How we cite our quotes: Citations follow this format: (Chapter.Paragraph)
Quote #4
"But Charles Wallace doesn't look different from anybody else."
"No, Meg, but people are more than just the way they look. Charles Wallace's difference isn't physical. It's in essence." (3.99-100)
You can't judge a book by its cover. The insistence on Charles Wallace's essential difference is never quite explained – and if it's not physical, not based in something material in his makeup that anyone could look at and try to understand, then where is it?
Quote #5
She contented herself with looking at Mrs. Whatsit. Even though she was used to Mrs. Whatsit's odd getup (and the very oddness of it was what made her seem so comforting), she realized with a fresh shock that it was not Mrs. Whatsit herself that she was seeing at all. The complete, the true Mrs. Whatsit, Meg realized, was beyond human understanding. What she saw was only the game Mrs. Whatsit was playing; it was an amusing and charming game, a game full of both laughter and comfort, but it was only the tiniest facet of all the things Mrs. Whatsit could be. (6.17)

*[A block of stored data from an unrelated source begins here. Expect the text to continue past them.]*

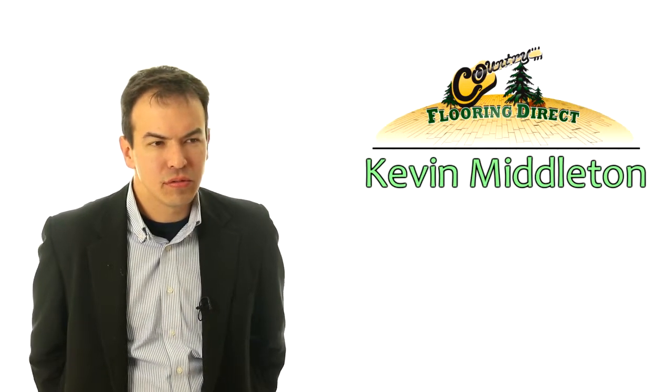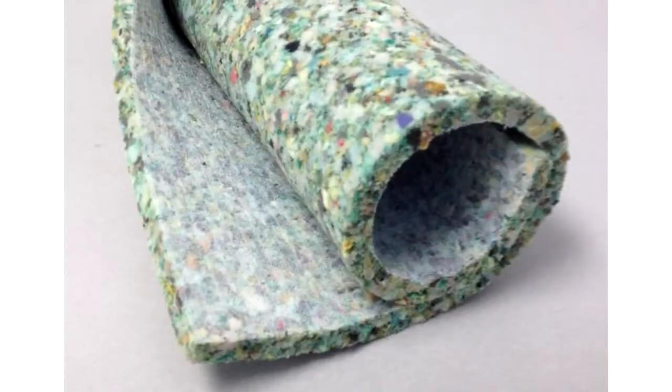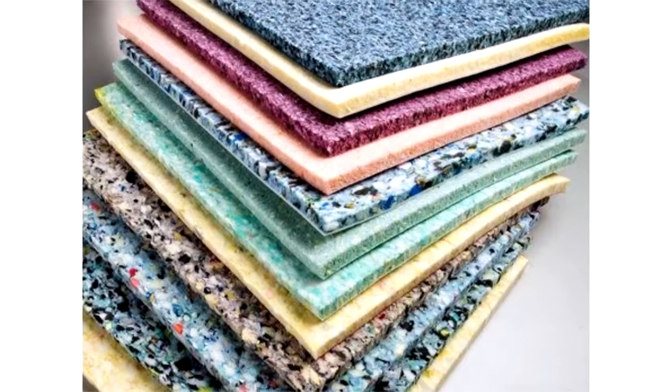A lot of companies will use a lot of different types of padding. We use predominantly two kinds of padding. We use a 7/16th 8-pound rebound pad. It's affordable, it'll perform well, it's extremely durable.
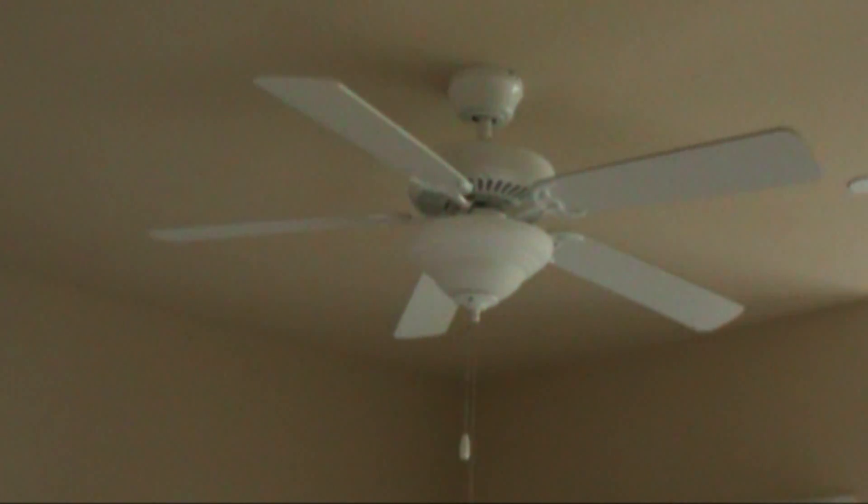Hey guys, Lex here with another Dirty Maintenance episode. They're saying that the ceiling fan lights go dim and they're flickering, so let's check it out.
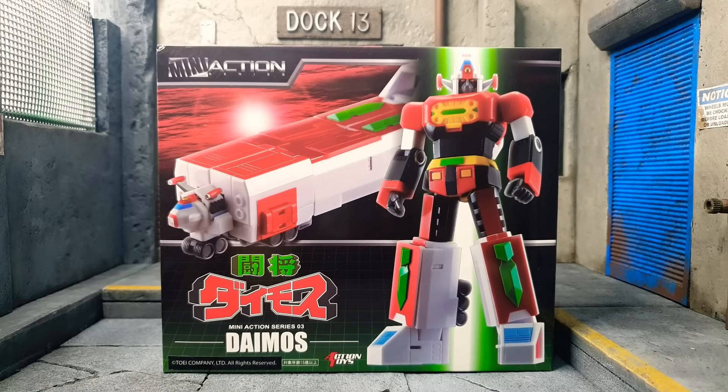Hi everyone, welcome to another video from Zero Morgan Collectibles. And as always, this is your friendly neighborhood collector, Sam. So today we're gonna try to review Mini Action Series Daimos. Let's go! MUYASE!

This novel seems very invested in promoting a distrust of appearances – people and people-like beings are always turning out to be much more than they seem to be. What we think of as reality is actually just a collection of fragments and facets from the larger reality that we can never directly access because it's just too big for our tiny heads. The "could" in the last sentence is interesting – it suggests that "the complete, the true" exists in the realm of possibility, of things that might happen rather than things that have happened or are happening.
Quote #6
"Of course our food, being synthetic, is not superior to your messes of beans and bacon and so forth, but I assure you that it's far more nourishing, and though it has no taste of its own, a slight conditioning is all that is necessary to give you the illusion that you are eating a roast turkey dinner." (7.118)
This is Camazotz in a nutshell – it looks good, and may even be good for you, but it's all fake. Contrast this to the food on Aunt Beast's planet, which looks gross but tastes delicious, and brings Meg back to health.